Si vous avez lu la récente édition des interventions d’Aragon au Comité central du PCF (Annales de la SALAET), vous reviennent peut-être les phrases suivantes, prononcées en 1964 dans le cadre de l’examen des documents préparatoires au 17e congrès :
« Les intellectuels, communistes et non communistes, ont un rôle irremplaçable de création scientifique et artistique. […] Il n’y avait pas besoin de dire que c’est « dans le parti » [que les intellectuels ont un rôle irremplaçable de création scientifique et artistique], d’ailleurs ce n’est pas du tout sûr. Il peut y avoir des périodes très longues pendant lesquelles pas un intellectuel communiste ne fera avancer, par exemple, la science […] d’un pas et où ce seront d’autres intellectuels qui le feront. Et alors ? Vous considérez que ça serait contre, que de le penser, ça serait contre le parti ? Mais pas du tout. Mais pas du tout. Le parti n’y peut rien par rapport au talent et encore plus au génie, à l’invention de ses membres. »

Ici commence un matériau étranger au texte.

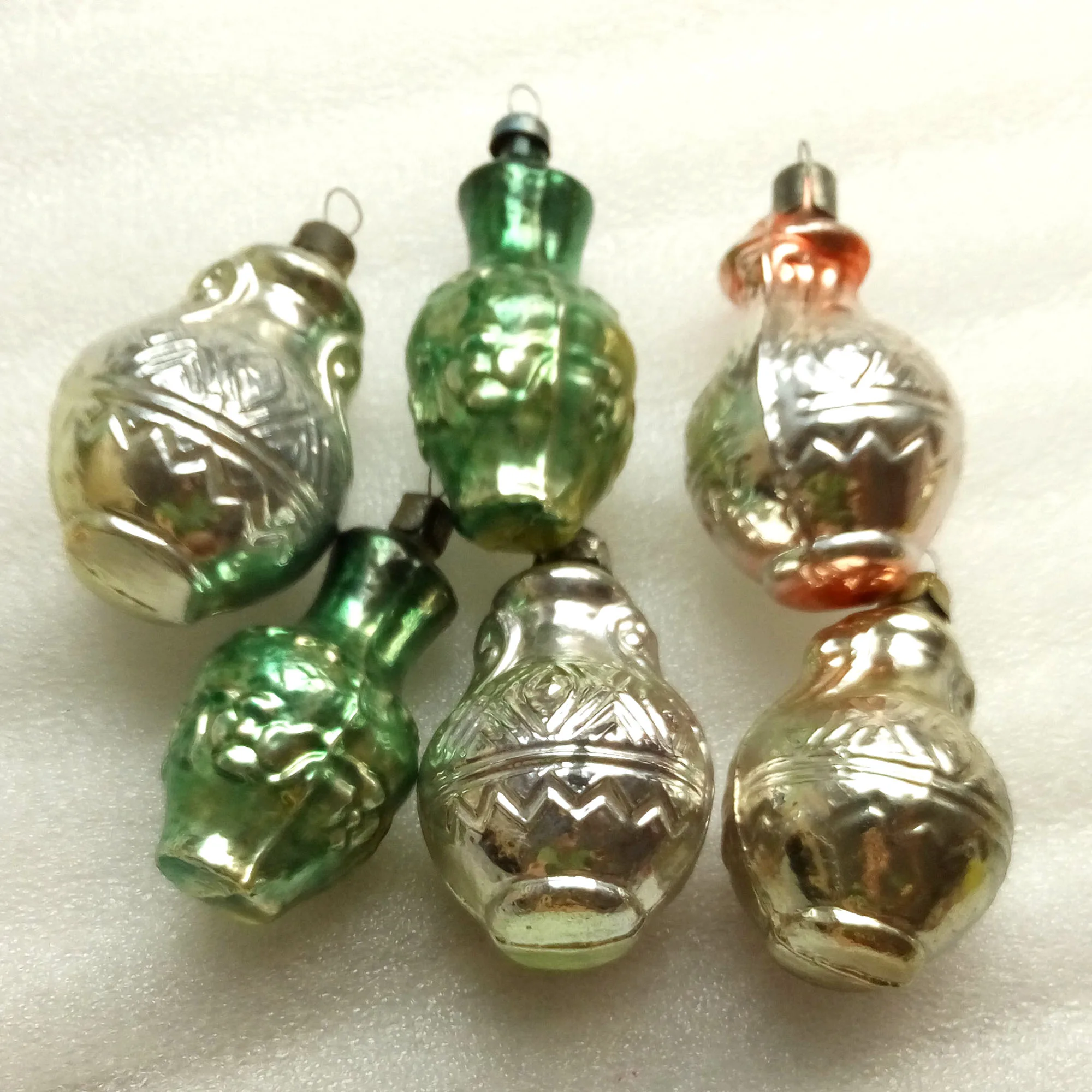 Set of 6 Vintage Ukraine Glass USSR Christmas Ornaments Old Jugs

Vous me direz peut-être que nous ne fêtons personne parce qu’il n’y a personne à fêter. Eh bien, je ne le crois pas. Pas du tout. Je sais bien tout le foisonnement et toute la richesse qui ont pu être, dans ce domaine comme dans d’autres, ceux des communistes il y a cinq ou six décennies. Je sais bien notre situation – dans ce domaine comme dans d’autres – moins florissante si on s’obstine à la comparer à ces temps éloignés. Pour autant, il ne s’est pas rien passé, rien pensé, rien écrit, rien tenté depuis cinquante ans dans cette partie de notre peuple qui regarde de notre côté. Je crois qu’il est temps de considérer tout cela et que si nous ne nous en préoccupons pas nous-mêmes, ce n’est pas l’idéologie dominante qui s’en chargera à notre place.

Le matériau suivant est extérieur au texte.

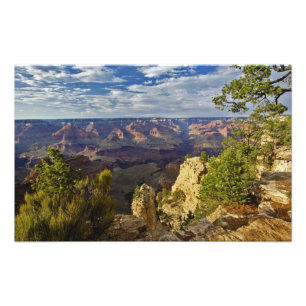 Grand Canyon vanaf de zuidelijke rand bij zonsonde Foto Afdruk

«  Il ne s’est pas rien passé, rien pensé, rien écrit, rien tenté depuis cinquante ans dans cette partie de notre peuple qui regarde de notre côté. »

Depuis Khrouchtchev, nous sommes embarqués dans une entreprise – qui eut, bien sûr, d’immenses mérites, en nous dégageant de Staline et en nous invitant à regarder vraiment Marx – de régression chronologique et de rétraction de notre patrimoine : les banderoles Marx-Engels-Lénine-Staline ont d’abord éliminé – fort heureusement – le plus à droite de la bande, avant que Lénine lui-même ne succombe entraînant quasiment avec lui Engels dans une série de « retours à » qui se présentaient comme autant de conquêtes. Je crois qu’il faut arrêter avec ces démarches qui s’apparentent à une sorte de christianisme réformé (la Réforme, c’est revenir à la pureté des origines, à la source christique). Il ne s’agit bien sûr pas de rétablir quelque tétrarchie que ce soit et de revenir à la situation d’avant 1956 mais d’embrasser notre patrimoine sans frilosité chronologique : cela passe par les années 1920, les années 1930 (saluons d’avance le livre sur Vaillant-Couturier promis par Jean-Michel Leterrier), etc. ; cela passe aussi par les années 1970, les années 1980, les années 1990, etc.
En 2023, nous avons la chance de compter parmi nous des personnalités de premier plan auxquelles, je trouve, nous ne demandons pas tant de choses. Pour eux comme pour nous tous, quelques anniversaires arrivent. On aurait tort de ne pas s’en saisir pour les fêter et appeler à les lire, sans idolâtrie ni génuflexion mais pour en faire, mieux et vraiment, un patrimoine commun, pour nous aider à construire tout ce qui doit l’être. Dans le paysage aux mille ravins qui est celui de notre temps, est-ce bien un luxe ?

Guillaume Roubaud-Quashie, directeur de Cause commune.